To classify, we have to find the number of elements of order $4$.
First, $\mathbb{Z}_2\times\mathbb{Z}_2\times\mathbb{Z}_8$ has $8$ elements of order $4$, and $\mathbb{Z}_8 \times \mathbb{Z}_4$ has $12$ elements of order $4$.
and $(\mathbb{Z}_4 \times \mathbb{Z}_4 \times \mathbb{Z}_8) / <(1,2,4)>$ has $12$ elements of order $4$.
Hence, $(\mathbb{Z}_4 \times \mathbb{Z}_4 \times \mathbb{Z}_8) / <(1,2,4)>$ is isomorphic to $\mathbb{Z}_4 \times \mathbb{Z}_8$.

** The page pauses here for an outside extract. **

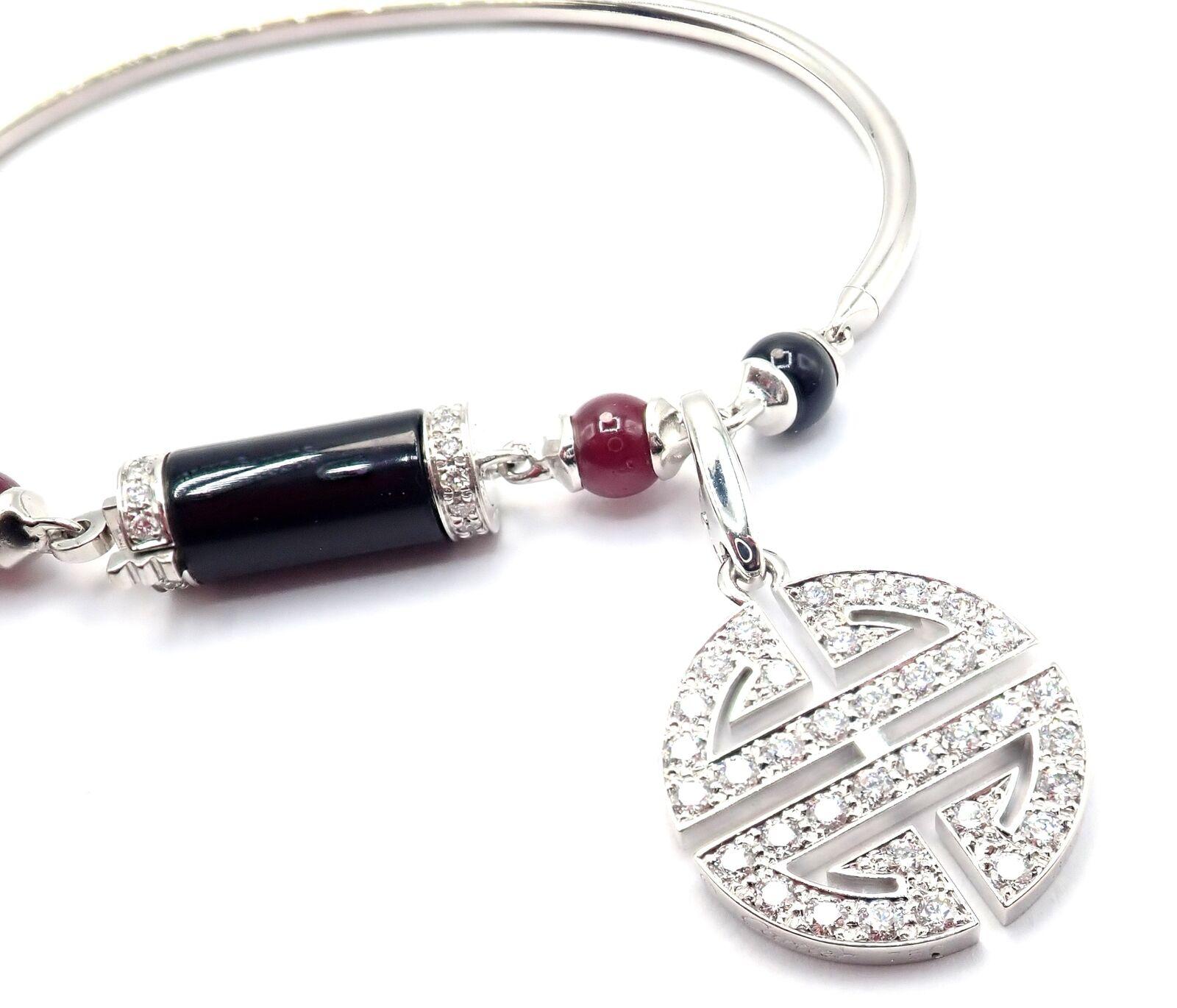 18k White Gold Ruby Onyx Bangle Le Baiser Du Dragon Bracelet With Two Charms by Cartier. 
Part of the Cartier Le Baiser Du Dragon Collection. 
With Round brilliant diamonds, E color, VVS1 clarity total weigh approximately 1.50ct
3 rubies
3 black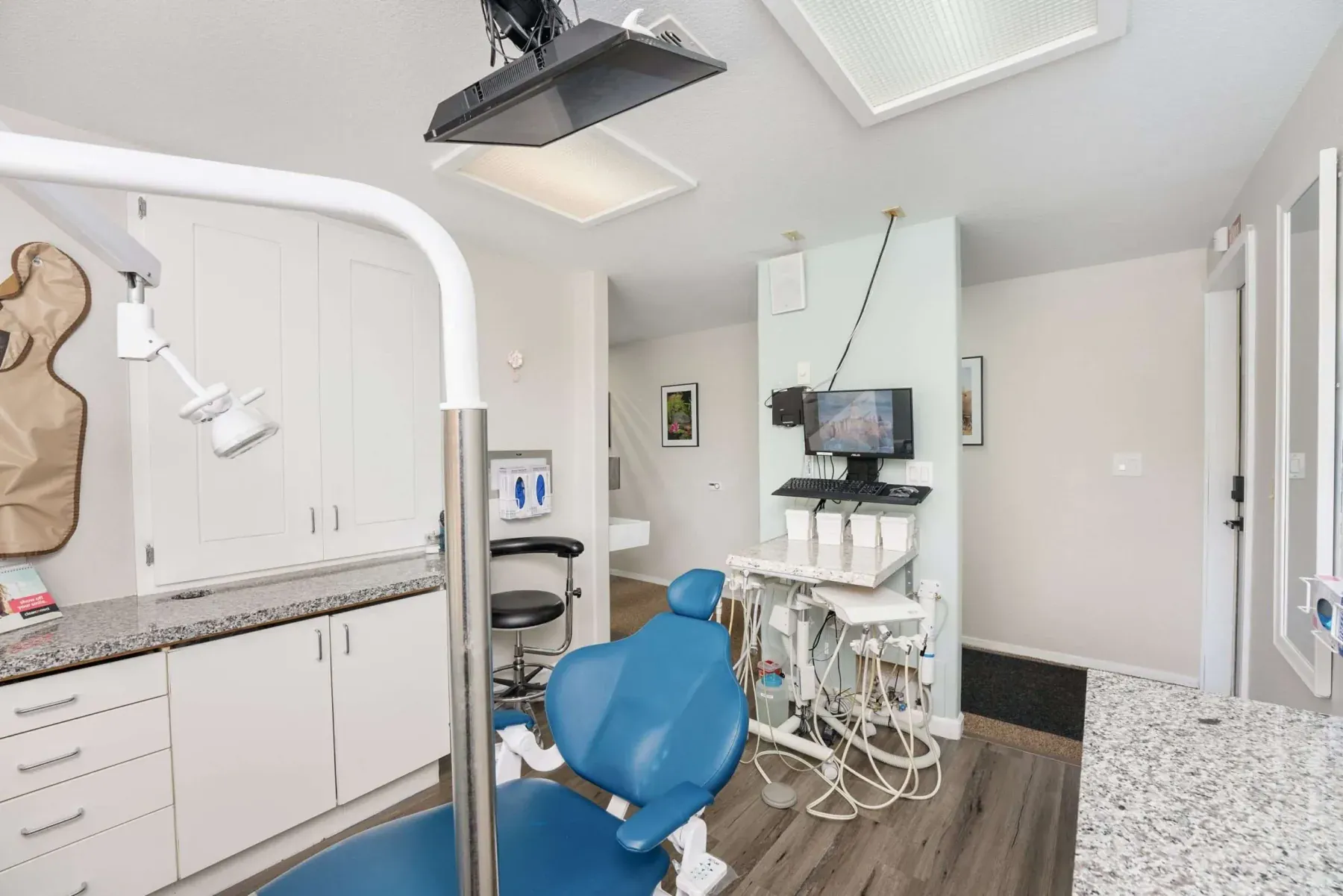 A treatment room with a blue dental chair and chairside monitor at Alta Vista Dental Care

For bold part, $(\mathbb{Z}_4 \times \mathbb{Z}_4 \times \mathbb{Z}_8) / <(1,2,4)>$ has $12$ elements of order $4$.
It is $12$ because $4$ times addition with elements of $\mathbb{Z}_4 \times \mathbb{Z}_4 \times \mathbb{Z}_8$ is smallest positive integers that makes the elements is contained in $H$.
Then in $\mathbb{Z}_4 \times \mathbb{Z}_4 \times \mathbb{Z}_8$, we cannot make $(1,2,4)$ $(3,2,4)$ because element in $\mathbb{Z}_4$ with $4$ addition makes it as identity element, $0$.
So it can only be $(0,0,0)$ so we should pick $0$ in $\mathbb{Z}_8$, so there are $16$ cases but we should exclude $(0,0,0)$, $(0,2,0)$, $(2,0,0)$ and $(2,2,0)$.
Hence there are $12$ elements of order $4$.
For this part, should I check that are there anything same in those coset?
I discuss this problem with my friends and he said we should check, but anyway my solution has answer.